BGH,
Beschl. v. 7.5.2003 - 5 StR 536/02
5 StR 536/02
BUNDESGERICHTSHOF
BESCHLUSS
vom 7. Mai 2003
in der Strafsache gegen
wegen Zuhälterei u.a.
Der 5. Strafsenat des Bundesgerichtshofes hat am 7. Mai 2003
beschlossen:
I. Dem Angeklagten T wird gegen die Versäumung der Frist zur
Begründung der Revision gegen das Urteil des Landgerichts
Berlin vom 20. April 2001 Wiedereinsetzung in den vorigen Stand
gewährt.
II. Auf die Revision des Angeklagten T wird das vorgenannte Urteil
gemäß § 349 Abs. 4 StPO, soweit es ihn
betrifft,
a) im Schuldspruch insoweit abgeändert, als jeweils die
tateinheitlichen Verurteilungen wegen Förderung der
Prostitution in Wegfall kommen, und
b) unter Aufrechterhaltung der Feststellungen im gesamten
Rechtsfolgenausspruch aufgehoben.
III. Die weitergehende Revision des Angeklagten wird nach §
349 Abs. 2 StPO verworfen.
IV. Die Sache wird zu neuer Verhandlung und Entscheidung, auch
über die Kosten des Rechtsmittels, an eine andere Strafkammer
des Landgerichts zurückverwiesen.
Gründe:
Das Landgericht hat den Angeklagten T wegen Förderung der
Prostitution in drei Fällen, in einem Fall in Tateinheit mit
vorsätzlicher Körperverletzung, mit
Zuhälterei, mit gewerbsmäßiger
Hilfeleistung zum Verstoß gegen § 92 Abs. 1 Nr. 1
AuslG sowie mit Beihilfe zum Verstoß gegen § 92 Abs.

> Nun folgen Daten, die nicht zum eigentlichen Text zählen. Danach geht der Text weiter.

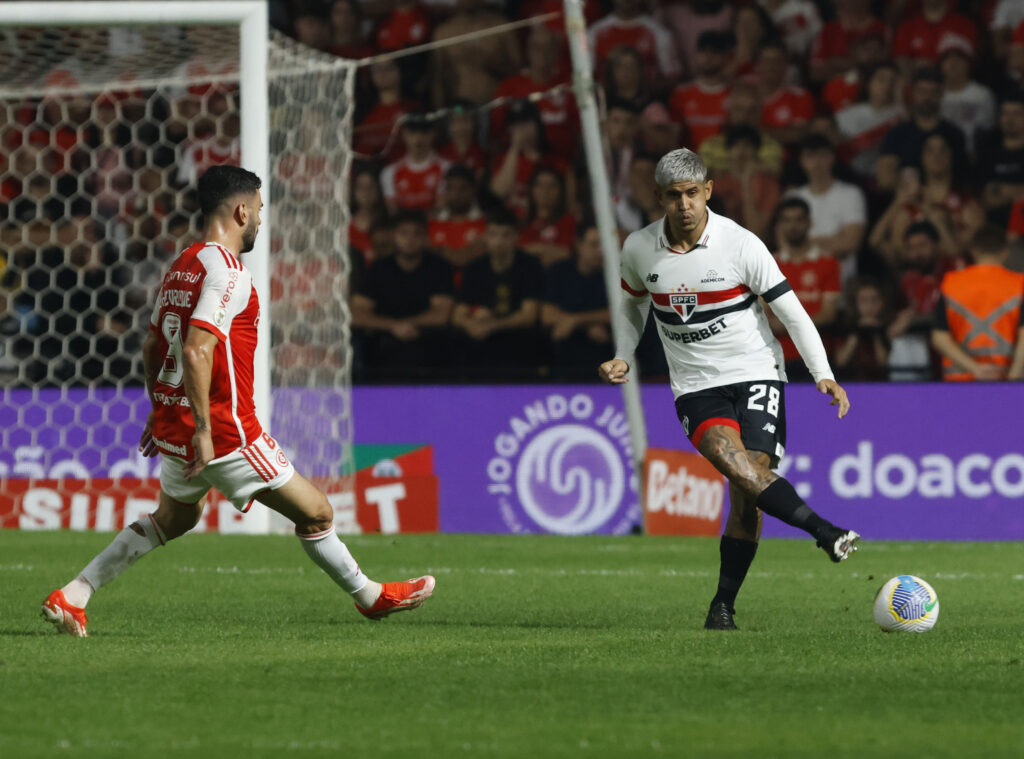 Alan Franco: o zagueiro argentino fez mais uma partida bastante segura, não dando brechas para os atacantes adversários, esbanjando velocidade e também agregando bastante na saída de bola com bons passes.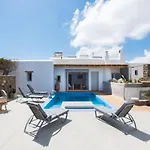 Mykonos Village 아파트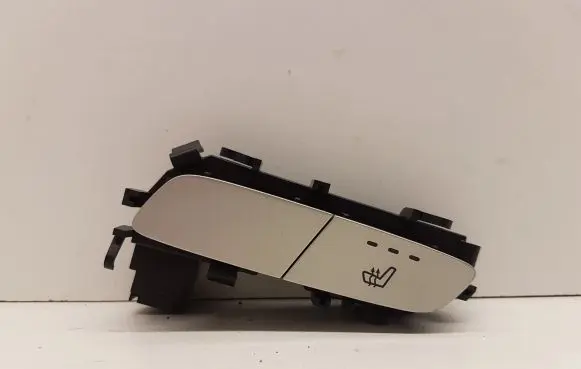 Mercedes-Benz C W205 Seat heating switch A2059050404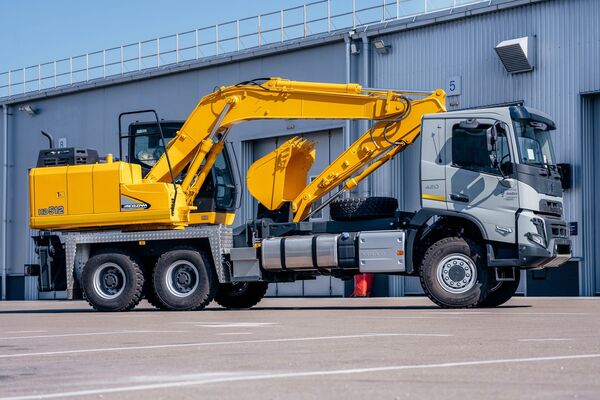 Виготовлено та поставлено колісний екскаватор MODUS на VOLVO FMX 6×6
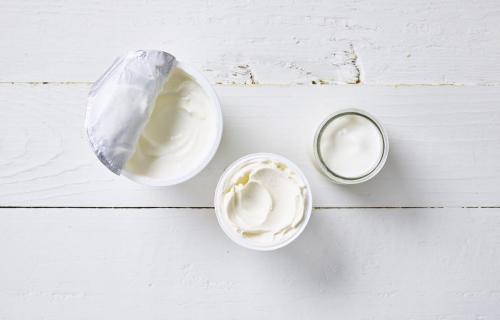Yoghurt, plattekaas en zure room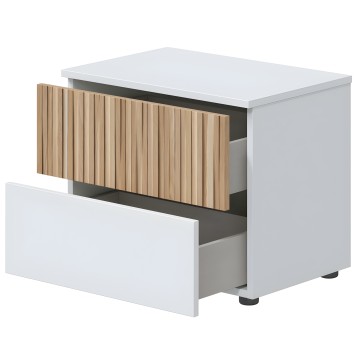 Mesita de noche blanca con cajón inferior y frente superior con diseño de lamas en madera natural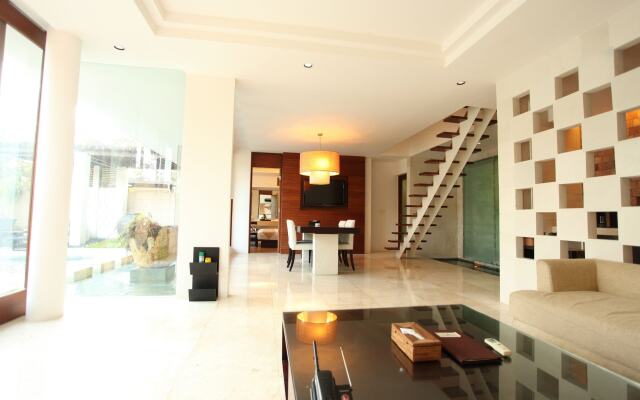 The Wangsa Hotel & Villas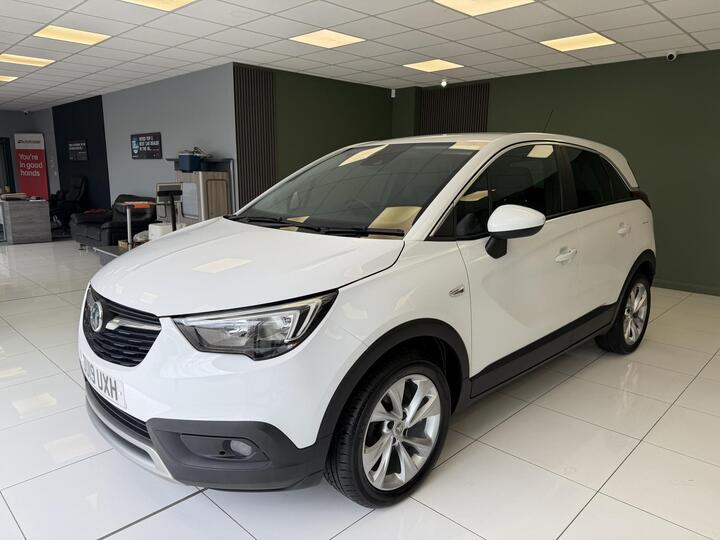 Vauxhall Crossland X 1.2 Turbo Tech Line Nav Auto Euro 6 (s/s) 5dr Vauxhall Crossland X 1.2 Turbo Tech Line Nav Auto Euro 6 (s/s) 5dr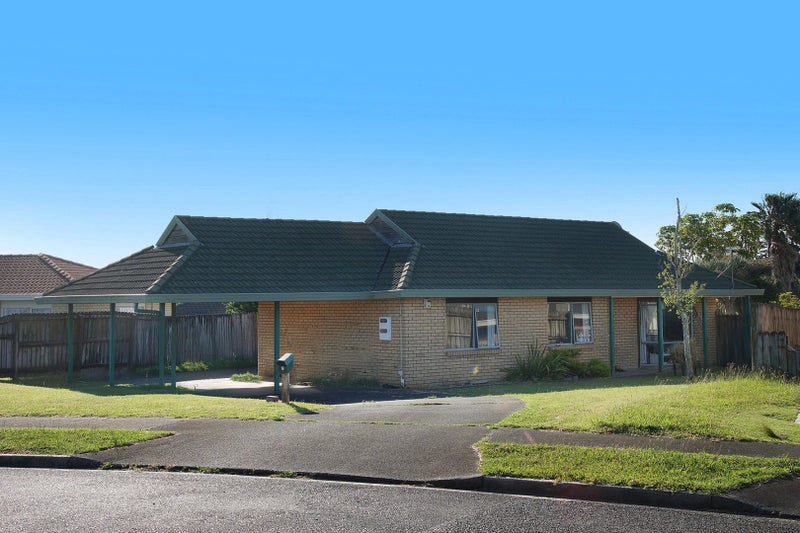 9 Tullis Place, Burswood, Auckland - Carousel 1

1 Nr. 3 AuslG und zur nach § 61 Abs. 1 AsylVfG unerlaubten
Ausübung einer Erwerbstätigkeit, in einem Fall in
Tateinheit mit vorsätzlicher Körperverletzung, mit
tateinheitlich in vier Fällen begangener Zuhälterei,
mit gewerbsmäßiger Hilfeleistung zum
Verstoß gegen die §§ 92 Abs. 1 Nr. 1 und
Abs. 2 Nr. 2 AuslG sowie mit Beihilfe zur nach § 61 Abs. 1
AsylVfG unerlaubten Ausübung einer Erwerbstätigkeit,
in einem Fall in Tateinheit mit gewerbsmäßiger
Hilfeleistung zum Verstoß gegen § 92 Abs. 1 Nr. 1
AuslG sowie mit Beihilfe zur nach § 61 Abs. 1 AsylVfG
unerlaubten Ausübung
einer Erwerbstätigkeit zu einer Gesamtfreiheitsstrafe von zwei
Jahren und sechs Monaten verurteilt. Seine Revision hat in dem aus dem
Beschlußtenor ersichtlichen Umfang Erfolg. Im
übrigen ist sein Rechtsmittel unbegründet im Sinne
des § 349 Abs. 2 StPO.
Die tateinheitlichen Verurteilungen wegen Förderung der
Prostitution nach § 180a Abs. 1 Nr. 2 StGB a. F. haben aus
Rechtsgründen keinen Bestand. Dieser Straftatbestand ist durch
das Gesetz zur Regelung der Rechtsverhältnisse der
Prostituierten - ProstG - vom 20. Dezember 2001 (BGBl I S. 3983)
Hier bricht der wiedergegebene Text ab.